Yet Roberts has also led the Supreme Court in thwarting the agendas of popularly elected presidents in other high-profile cases. In Department of Homeland Security v. Regents of the University of California (2020), Roberts wrote the majority opinion stopping President Donald Trump from rescinding the Deferred Action for Childhood Arrivals (DACA) program. In Biden v. Nebraska (2023), Roberts blocked President Joe Biden from imposing his student debt cancellation plan. No deference for either president in those important cases.

But Roberts has also led the Supreme Court in massively expanding executive power, most notably in Trump v. United States (2024), which granted the president broad immunity from criminal prosecution.

So, while both Biden and Trump saw some of their signature presidential policies struck down, the signature policy of President Barack Obama was upheld on deferential grounds, and the presidency itself has emerged stronger than ever in other crucial ways, all thanks to decisions written by Roberts.

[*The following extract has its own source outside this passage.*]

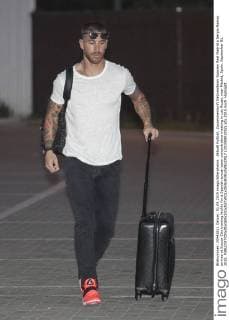 Aktuell Fußball, Zusammenkunft Nationalteam Spanien Real Madrid s Sergio Ramos arrives at Soccer City training facility for a Spanish soccer team concentration meeting in Las Rozas, near Madrid, Spain. September 01, 2015.  (20150901092)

Is there a through line connecting such cases? Is there a clear judicial philosophy that accounts for the results? I’ve been following Roberts’s tenure for much of the last two decades, and I’m not sure that there is. Roberts has long extolled the virtues of judicial deference, yet he only does the deferring in select cases. Roberts has put a stop to presidential overreach (sometimes), yet he has also placed a vast protective shield over presidential misconduct. To be generous, I suppose we might say that Roberts’s judicial philosophy contains multitudes.

Next week, the Supreme Court will kick off its 2025–2026 term, and the docket is already packed with momentous cases dealing with the powers of the president. That means that all eyes will be on the chief justice, who may well be in the position to tip the balance in one or more of these matters.

Will we get the version of Roberts that’s more likely to defer to Trump or the one that’s more likely to curtail Trump? Which one of Roberts’s judicial multitudes will step to the fore?

For better or worse, we’re about to find out.